*Work item*:
Could you output, word for word, only the lines from the line with "Attack on Journalist" to the end of the entries, including both ends? Omit the pictures.
:: Data for processing
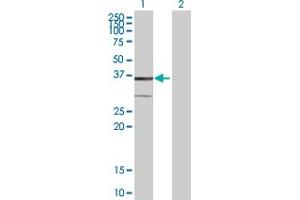 Western Blotting (WB) image for anti-3-hydroxybutyrate Dehydrogenase, Type 1 (BDH1) (AA 1-343) antibody (ABIN513696)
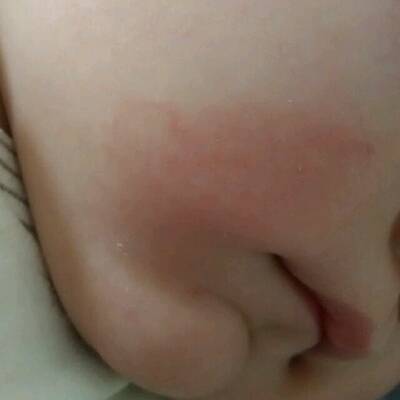 宝宝转奶过敏红疹图片图片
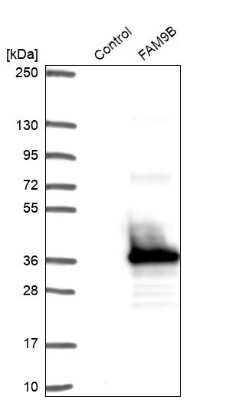 Western Blot: FAM9B Antibody [NBP1-89431]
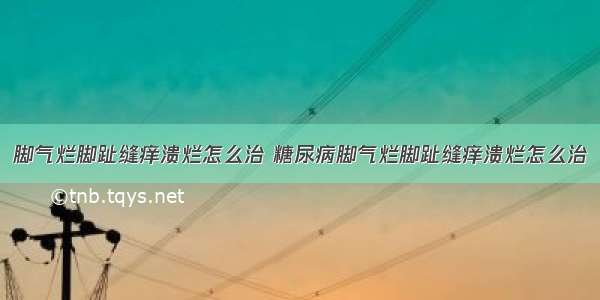 脚气烂脚趾缝痒溃烂怎么治 糖尿病脚气烂脚趾缝痒溃烂怎么治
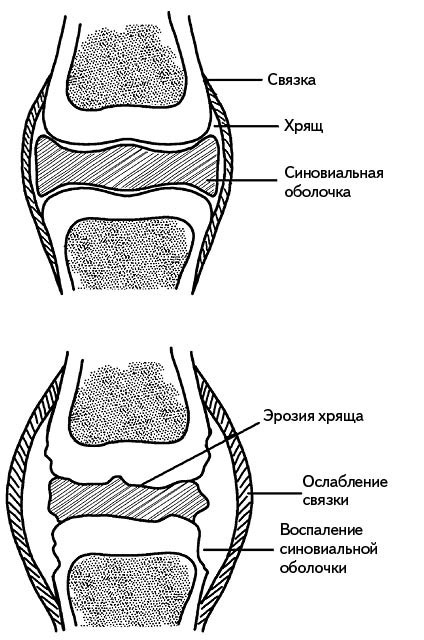 Жизнь без боли в спине. Лечение сколиоза, остеопороза, остеохондроза, межпозвонковой грыжи без операции Жизнь без боли в спине. Лечение сколиоза, остеопороза, остеохондроза, межпозвонковой грыжи без операции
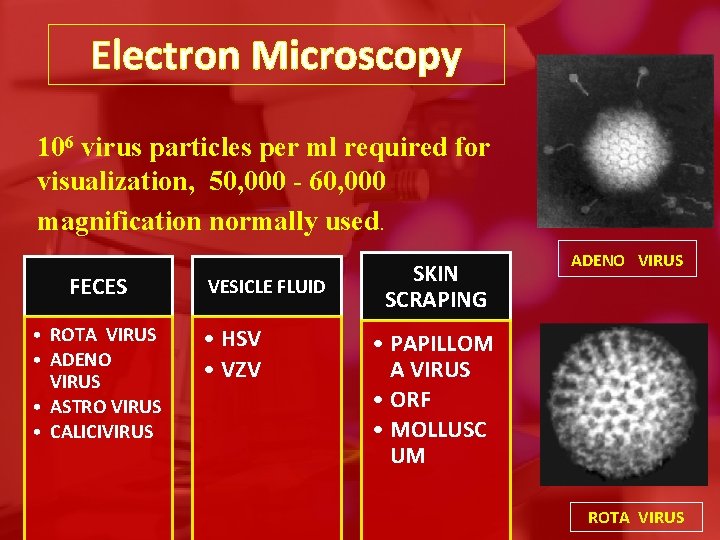 Electron Microscopy 106 virus particles per ml required for visualization, 50, 000 - 60,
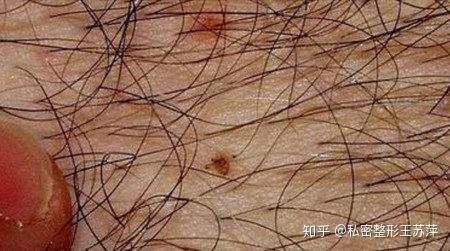 外阴有大颗的痘痘疙瘩,请问是因为上火吗? - 知乎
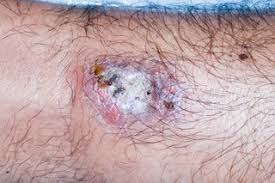 Skin cancer is the most common type of cancer in the u.s. Pyoderma Gangrenosum Nhs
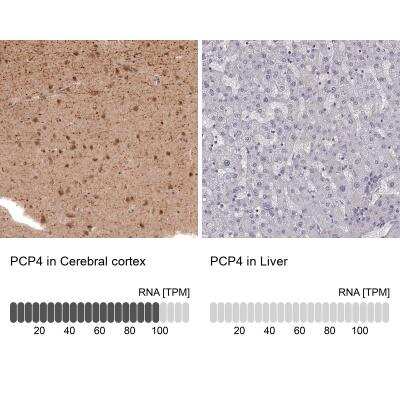 Immunohistochemistry-Paraffin: PCP4 Antibody [NBP1-80929]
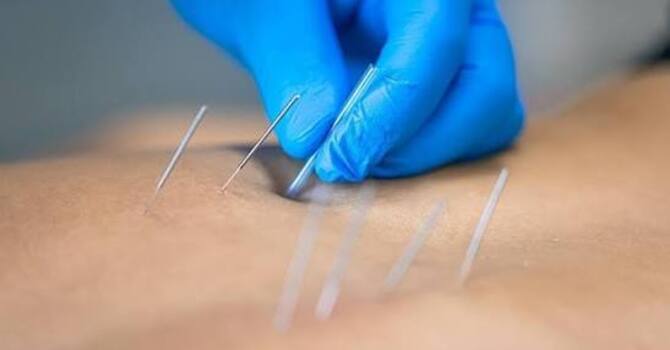 Dry Needling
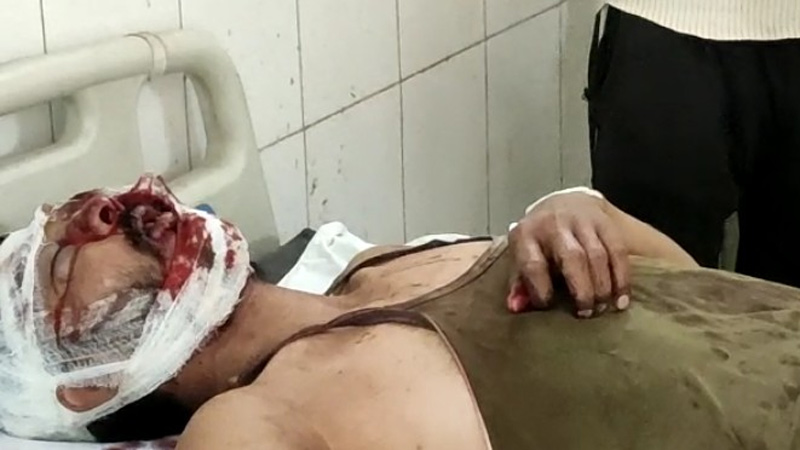 Attack on Journalist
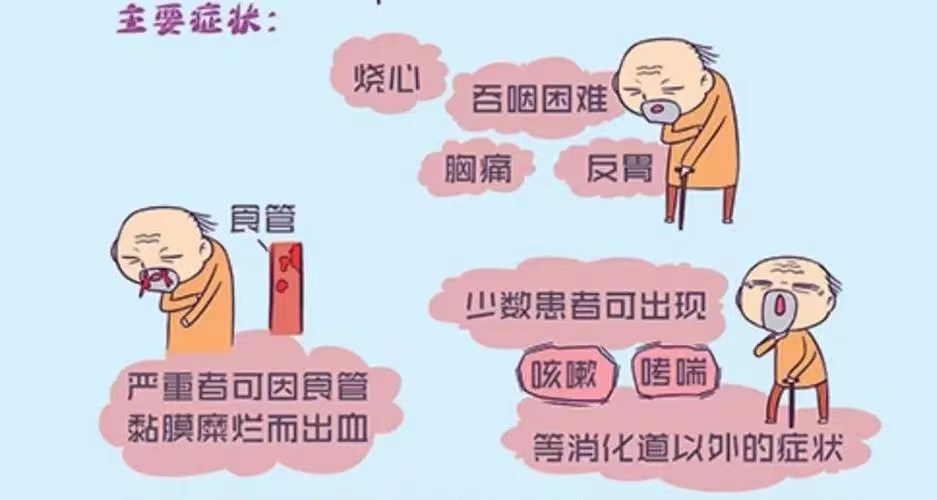 食管炎，消化科，新乡潘医生说消化道专业疾病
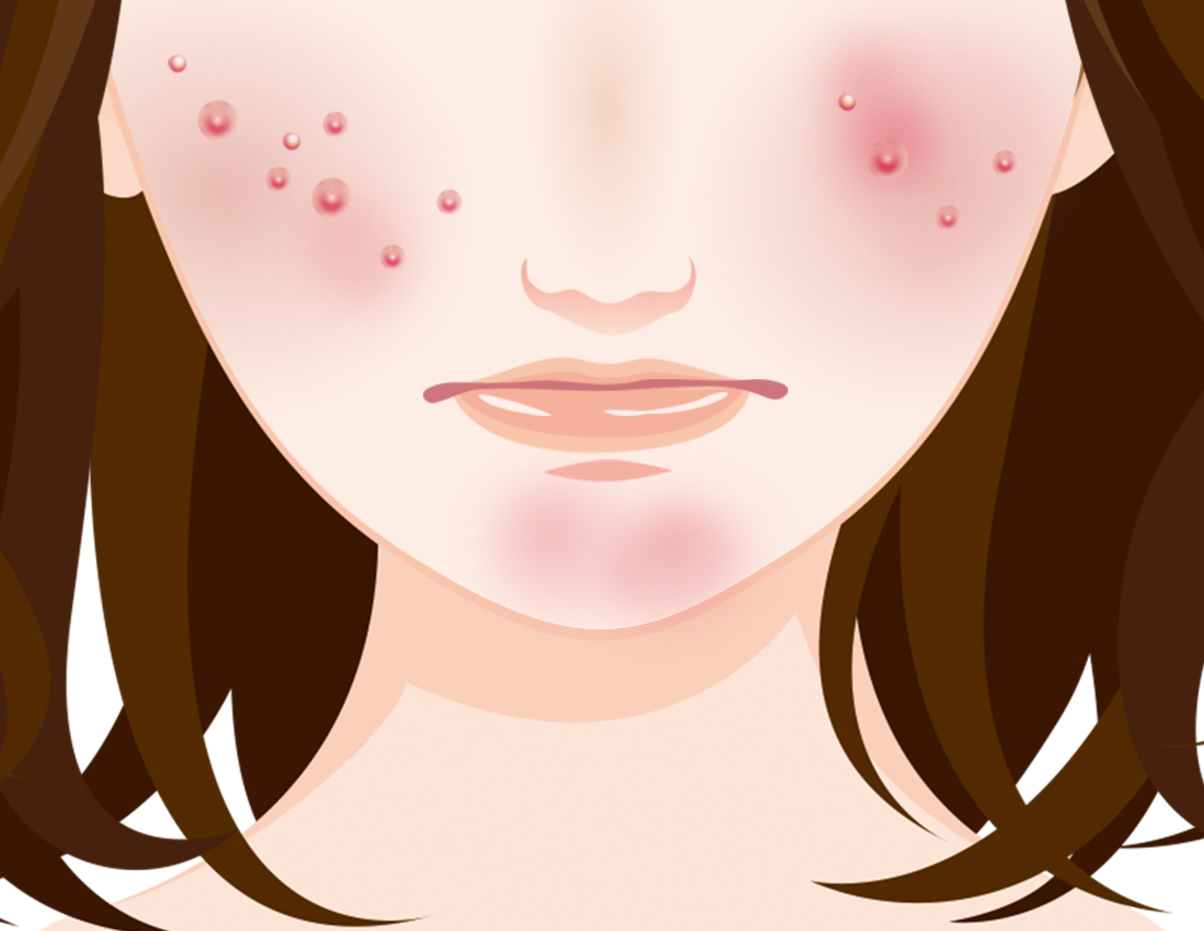 頬ニキビの原因と治療方法 基礎知識 ニキビ治療 ニキビ跡治療の東京イセアクリニック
::::
*Response for this exercise*:
 Attack on Journalist
 食管炎，消化科，新乡潘医生说消化道专业疾病
 頬ニキビの原因と治療方法 基礎知識 ニキビ治療 ニキビ跡治療の東京イセアクリニック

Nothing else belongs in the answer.